Argh. So, mea culpa. I really messed that one up now, didn't I.

Anything I said about virtual devices is apparently entirely off base. Now I get to ensure that future posts are accurate on this matter.

IOMMUs and the future of hardware virtualization

There is one last thing to think about: isolation capable IOMMUs. Soon next generation Intel VT-d and AMD SR-IOV capable CPUs should be out with isolation capable IOMMUs. This means that you will see huge speed improvements from IO virtualization, and the potential to both assign PCI devices to hardware virtualized operating systems and have new "virtual aware" devices from hardware vendors that can be shared by multiple guests at a hardware level.

According to jnalley's post on the Xen developer IRC channel, "SR-IOV allows a PCI-e device to present virtual functions to the root complex. This would allow a guest OS (domU) to access the device directly."

Intel VT-d and AMD IOV should be out sometime Real Soon Now

For more information on SR-IOV, visit the specifications for SR (and MR) IOV.

I hope this helps clears things up.

Again, my apologies for those who were misled by my misunderstanding.

Tue, 16 Jan 2007

Yesterday, someone stumbled into the #kvm channel and mentioned that VirtualBox has gone OpenSource.

After some frantic questions and listening to the #vbox channel, it became apparent that there are some benefits and limitations of VirtualBox worth noting.

VirtualBox can use Intel/VT or AMD-V/SVM if available, but does not require it. Much like VMWare, which take the same hybrid software/hardware approach to virtualization. For 32bit guests, this can be much faster than pure VT/SVM.

VirtualBox (herein referred to as VBox) is similar to VMWare workstation or VMWare server, in that it has a ring0 kernel driver for a linux host.

This ring0 requirement means that it is not compatible with a Xen paravirtualized domU (and that includes dom0).

VBox leverages QEMU heavily for software emulation of real-mode and other critical code sections, as well as for hardware emulation.

QEMU has a closed source kernel module, kqemu, and a somewhat alpha quality opensource equivalent, qvm86, that do the software code-scanning method of virtualization.

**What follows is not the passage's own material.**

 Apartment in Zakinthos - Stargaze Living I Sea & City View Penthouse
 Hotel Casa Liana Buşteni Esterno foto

They do not require or recognize VT/SVM.

VBox's primary competitor is the kvm project, which provides QEMU based VT/SVM guests. The downside of kvm, of course, is the requirement for VT/SVM support from your CPU. VirtualBox has no such limitation.

VBox only supports 32bit host kernels and 32bit guest images. There is no 64bit support for either running under a 64bit Linux host kernel, or running a 64bit guest OS. The website does mention that 64bit support is under active development, however.

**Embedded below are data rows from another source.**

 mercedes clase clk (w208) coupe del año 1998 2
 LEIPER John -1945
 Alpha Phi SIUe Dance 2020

VBox has yet another virtual bus of virtual devices, akin to Xen's paravirtualized XenBus devices (or Virtual Iron's NexBus). While hardware devices are available (PCNet32, etc) using QEMU hardware emulation, VBox also has some excellent video/network/disk drivers that eliminate the hardware chipset emulation overhead.

VMWare tried to make VMI a standard for paravirtualized bus devices. The Linux kernel developer community initially balked, but VMI support lives on in Rusty's paravirt-ops patches. Recently, Ingo has been making great strides with paravirtualized kvm support.

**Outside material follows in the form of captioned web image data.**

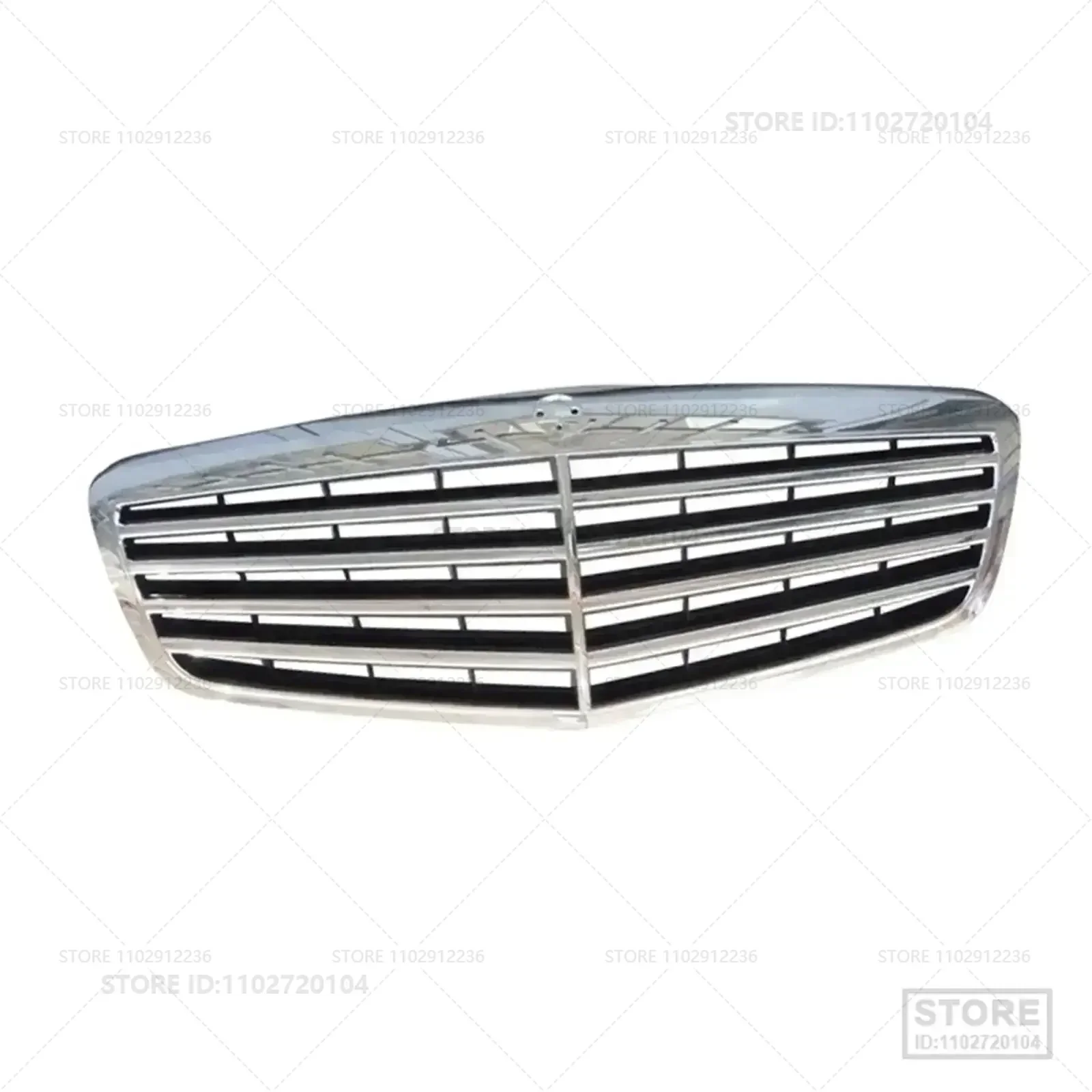 

Для 2010-2013 Mercedes-Benz S350 S400 S550, S63 AMG (W221) Передняя решетка радиатора 2218800483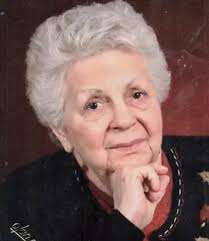 Obituary information for Virginia Hartline Smith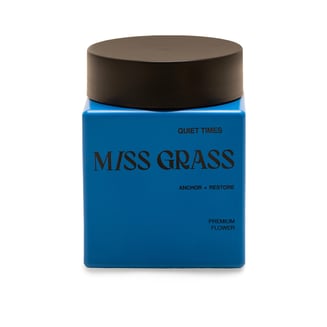 GMO - Quiet Times by Miss Grass
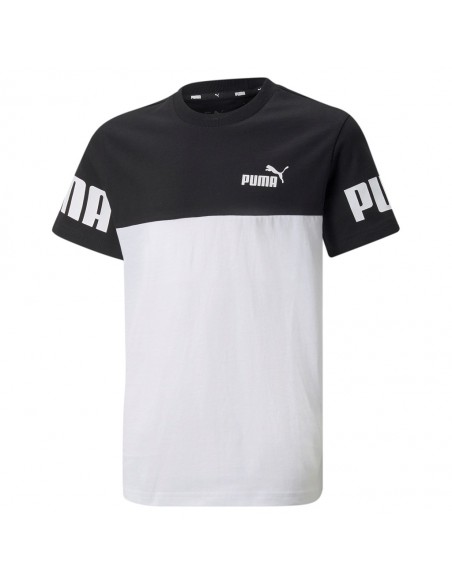 PUMA-Puma Power Tee B-01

One oddity is that VBox uses .VDI files for its disk images. Not QEMU's QCOW format, not VMWare's VMDK format, and not RAW disk image format.

And for the n00bs that keep popping in and asking about 3d support. No, VBox doesn't proxy 3d. No, QEMU doesn't proxy 3d. Yes, you can use a 3d card with a Xen paravirtualized domain (NOT with an HVM domain).

The only virtualization platform that supports 3d for Windows guests, that I am aware of, is VMWare 5.0 and later which have a somewhat crashy "beta" DirectX 3d support. (Simply add "mks.enable3d = TRUE" to your .vmx file by hand, for more info try googling for "mks.enable3d").

Parallels has promised 3d guests for 4th quarter of this year. If they deliver it, I will be pleasantly suprised.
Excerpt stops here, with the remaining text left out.